>>

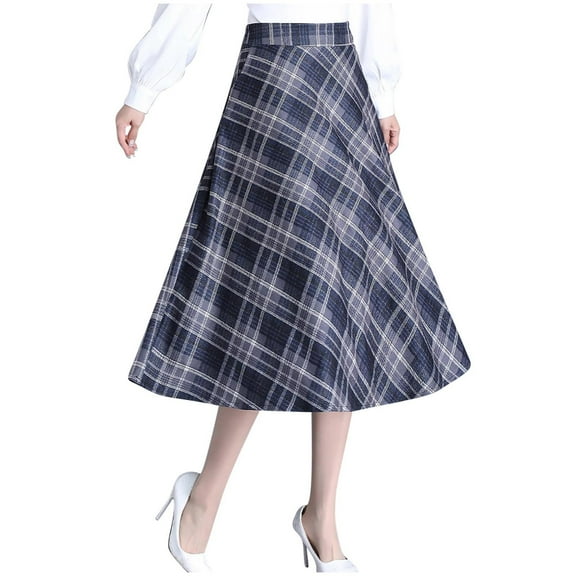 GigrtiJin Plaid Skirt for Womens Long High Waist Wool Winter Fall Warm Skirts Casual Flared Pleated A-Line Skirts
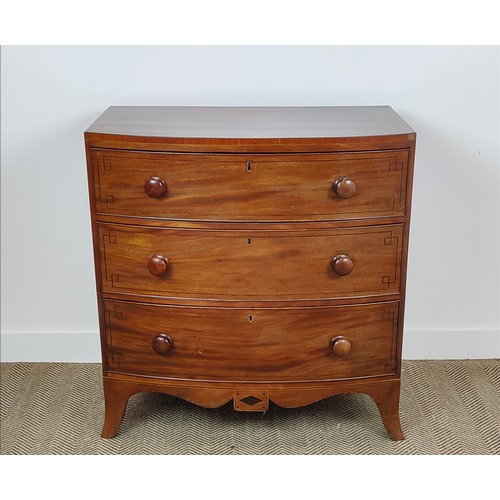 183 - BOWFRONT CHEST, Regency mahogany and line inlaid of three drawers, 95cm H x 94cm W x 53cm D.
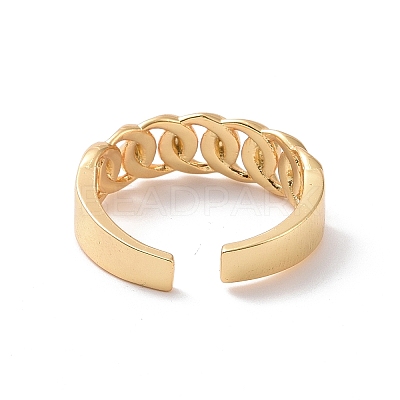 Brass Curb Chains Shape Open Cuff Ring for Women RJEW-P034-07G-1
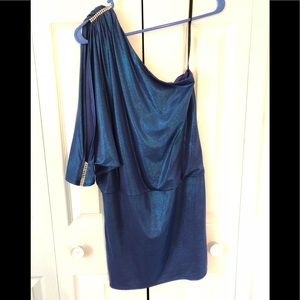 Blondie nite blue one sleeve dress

<<
>>

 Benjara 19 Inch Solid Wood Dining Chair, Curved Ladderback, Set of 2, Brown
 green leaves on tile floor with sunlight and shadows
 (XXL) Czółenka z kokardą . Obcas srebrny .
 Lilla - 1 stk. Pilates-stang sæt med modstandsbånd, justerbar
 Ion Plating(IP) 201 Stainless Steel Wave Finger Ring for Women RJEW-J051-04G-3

<<

INSTRUCTIONS TO FOLLOW:
For this exercise, repeat exactly the lines of the data above from the one with "(XXL) Czółenka z kokardą . Obcas srebrny ." down to the one with "Ion Plating(IP) 201", both end lines included.

EXERCISE RESPONSE:
 (XXL) Czółenka z kokardą . Obcas srebrny .
 Lilla - 1 stk. Pilates-stang sæt med modstandsbånd, justerbar
 Ion Plating(IP) 201 Stainless Steel Wave Finger Ring for Women RJEW-J051-04G-3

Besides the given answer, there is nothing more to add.